On the other hand, the concept of domination cannot be applied to unequal economic relationships. The possibility of some manipulating economic conditions to influence and direct some social actors cannot be compared to power relationships. Weber says:

“Applying the term domination to economic power resulting from a monopoly that strengthens the possibility of imposing exchange conditions on partners does not go beyond applying the same term to the influence resulting from erotic, athletic, oratory, or other forms of superiority.”

Weber first considers domination a phenomenon with a real existence and not an ideal consideration, as it is not deduced logically or legally from a certain value or criterion, but it exists in reality: it exists whenever there is a claimed authority to issue specific orders that are actually followed on a wide scale.

Weber opposes any normative and standard interpretation of domination and decides that every execution of an order must be described through this concept. However, Weber believes that the external result alone – i.e., the execution of the order – is not enough to understand the different variables of the causal chain from issuing the order to its execution.

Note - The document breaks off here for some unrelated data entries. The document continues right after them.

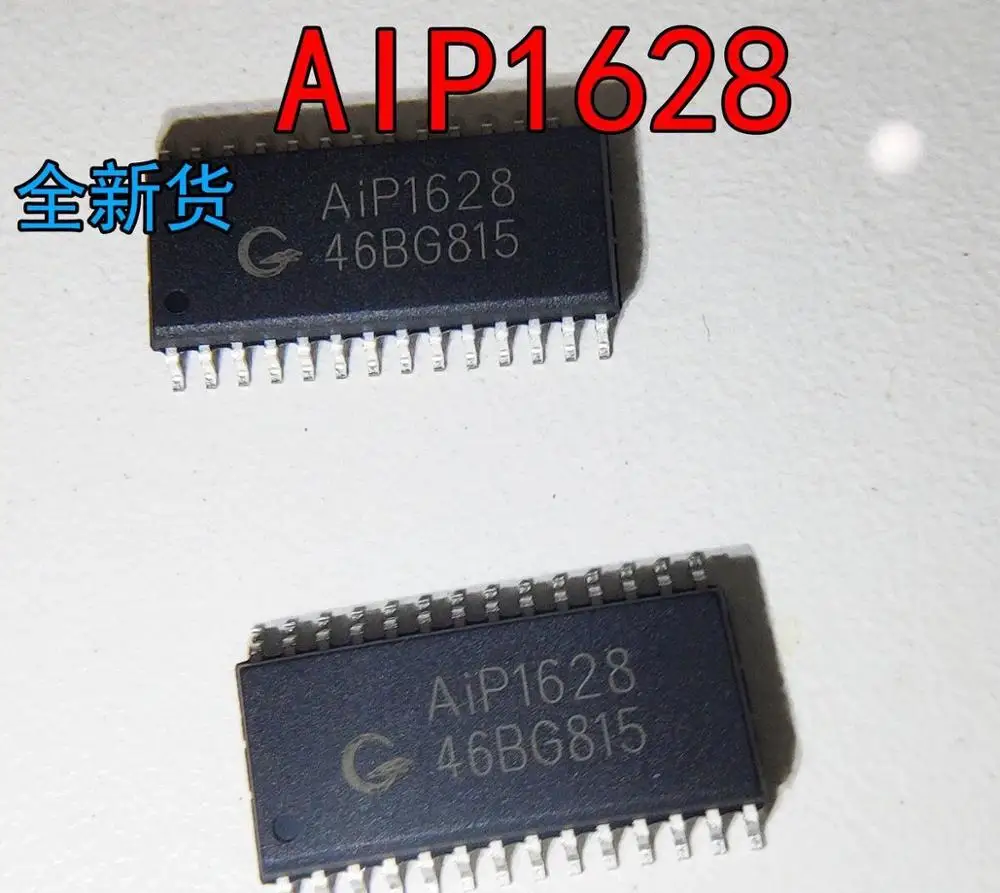 

100PCS/AIP1628 1628 SOP28 LED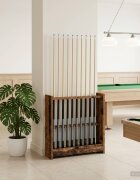 vidaXL Стойка за билярдно щеки Инженерна дървесина 60 x 20 x 57 см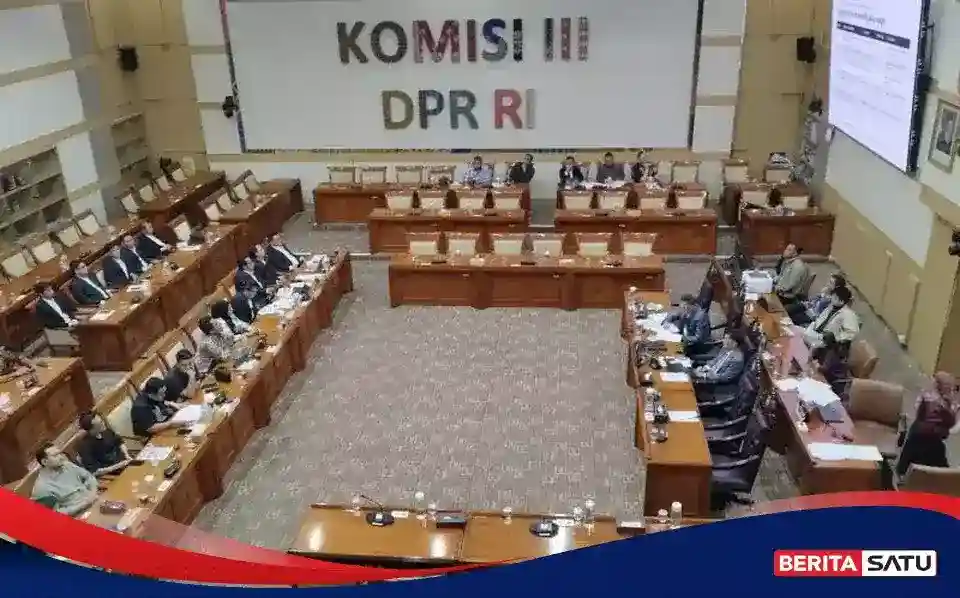 Komisi III Percepat Pembahasan RUU Perampasan Aset dengan Serap Aspirasi Publik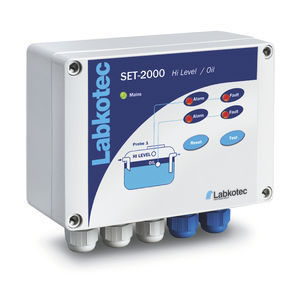 2-channel alarm controller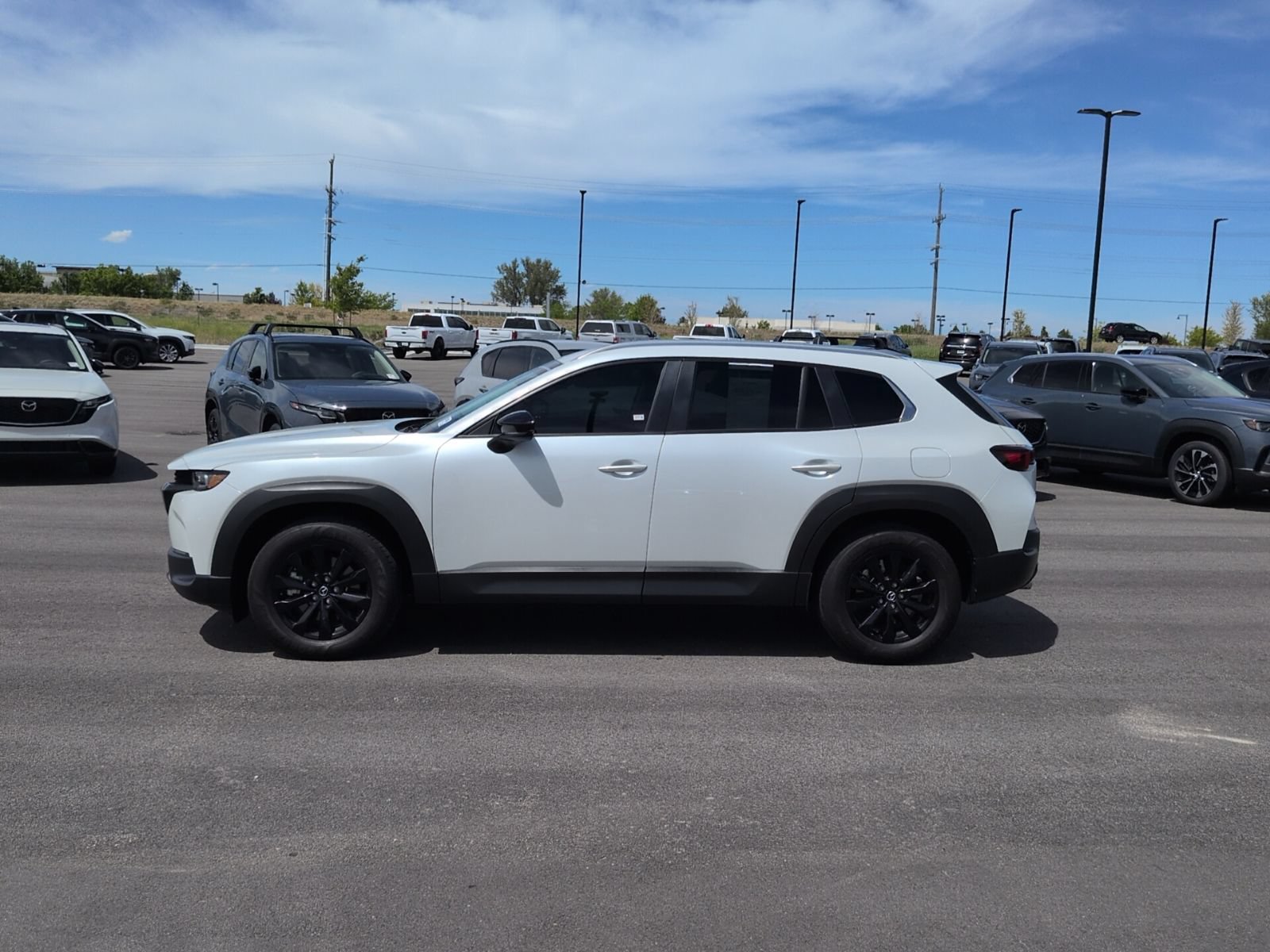 Used 2024 MAZDA CX-50 AWD 2.5 S w/ Cargo Package image 4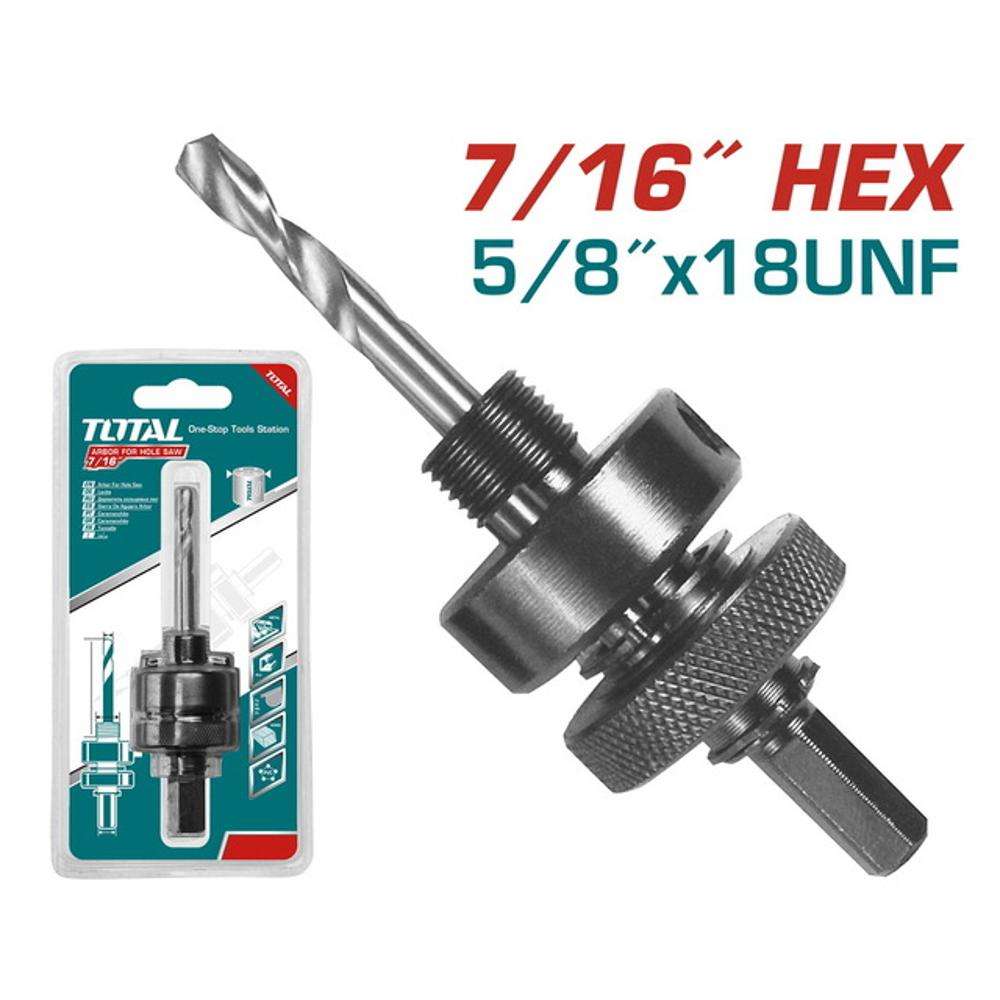 Total TAC4202 32MM - 210MM Arbor for Hole Saw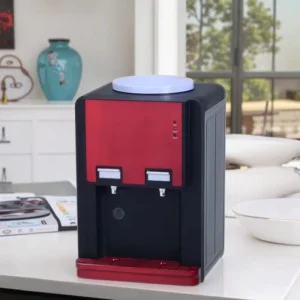 Smart Home Electric Plastic Desktop Water Ice Dispenser Hot/Cold 550W 5L/H 2L/H Heating/Cooling Filter-Free Portable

The dominant usually needs – to maintain their (chance) in executing their orders by the dominated – an (administrative body). The types of ties that connect this body to the dominant vary according to the types of social action that Weber determined elsewhere. They are:

1- Traditional action dictated by inherited traditions, customs, and beliefs that become second nature. Here, the actor is not driven by a goal or value nor under the influence of an emotion, but simply responds to deeply rooted traditions in their practical life.

2- Affective action dictated by a state of consciousness or a person’s mood at a certain moment, like the slap a mother gives her child whom she thinks is unbearable or the punch a player loses their temper and delivers to another during a football match. Here, the action is not linked to a goal or value but is an emotional reaction from the actor in certain circumstances.

3- Rational action related to a goal/purpose, which, as Raymond Aron sees, matches the concept of “logical action” according to Pareto, and it is the action in which the social actor is aware of the goal and calculates the reasons leading to it, like the engineer building a tunnel or the speculator striving for profit.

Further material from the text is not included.